Here’s an idea whose time has come.

According to an Associated Press report published Tuesday, Pennsylvania state senators are signaling support for amending the constitution to eliminate some top state government offices, including lieutenant governor and two Supreme Court justices.

Each proposal faces a multiyear path in the Legislature before going to voters in a statewide referendum no sooner than 2015.

Two bills that passed the Senate State Government Committee on Tuesday would affect all three branches of government.

Under the measures:

• The House would shrink from 203 to 153 seats.

• The Senate would shrink from 50 to 45 seats.

• The post of lieutenant governor would be eliminated and the Senate president pro tempore would temporarily succeed a governor who dies or otherwise vacates the post.

• The state Supreme Court would be reduced from seven justices to five.

The proposals make good sense for Pennsylvania, home of the largest and highest-paid General Assembly, particularly as a shrinking population over recent decades has reduced the state’s congressional delegation — although in the past decade the population has stabilized and increased slightly.

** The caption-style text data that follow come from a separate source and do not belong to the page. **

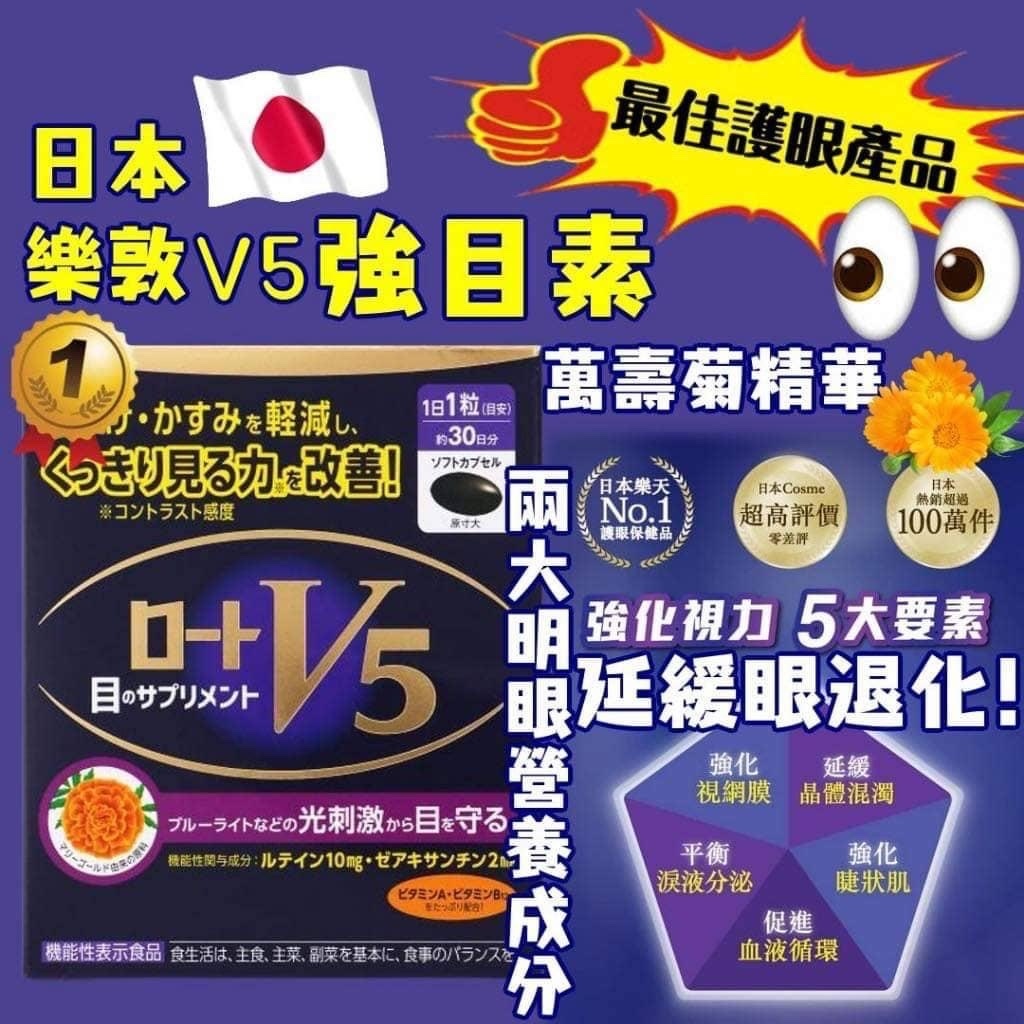 日本🇯🇵樂敦 ROHTO V5明眼膠囊30粒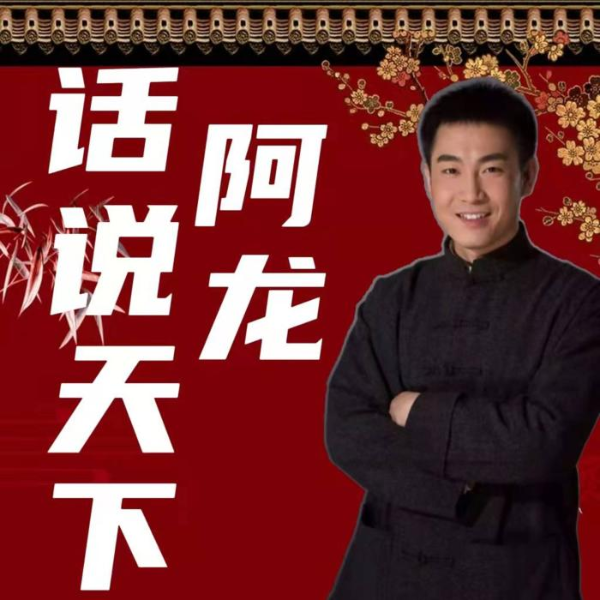 《阿龙|话说天下》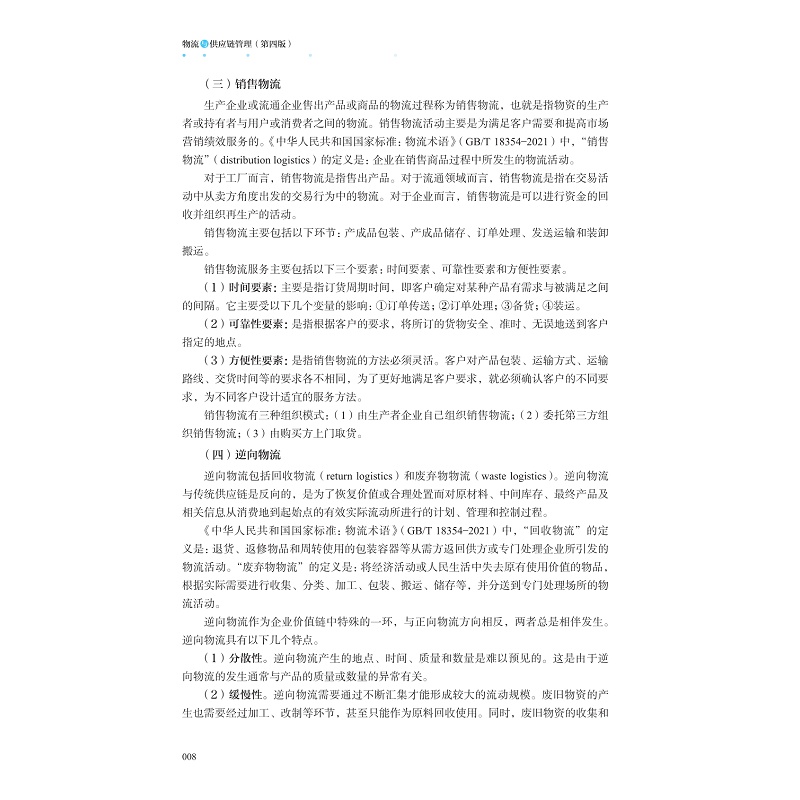 样章_006.jpg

On average, each representative serves about 62,000 residents; under the proposed reduction, the average district would grow to 84,000 residents. That’s not an unreasonable increase in the population or geographic size of the districts.

The savings could be substantial — estimates go as high as $23 million a year, taking into account not only the eliminated pay of 50 state representatives, five senators and two judges, but also the expense of their staffs, pensions, travel and per diem, and district offices.

But House Speaker Sam Smith, R-Jefferson, who favors the reductions, says the cash savings is not the only incentive for the change, and perhaps not even the greatest incentive; rather, Smith says the reductions will enhance the efficiency and effectiveness of the legislative body.

He reasons that it’s easier to work about consensus among 153 voices than among 203 — and consensus, not discord, is the crossroads where legislation gets done.

Opponents disagree. They say a smaller assembly could thwart the debate that is vital to the legislative process, and that fewer legislators translates into less opportunity for the public to be heard.

But the ubiquity of technology and social media has streamlined communication between politicians and their electorates. Legislative sessions are televised. Political dialogue is flowing like never before in history.

In addition, online databases and documents enable constituents to help themselves to government forms and information that they traditionally relied on their legislators’ district offices to provide for them.

The time is right for reductions in the state House, Senate and Supreme Court. The change would make for better and less costly government — two objectives all of us could get behind.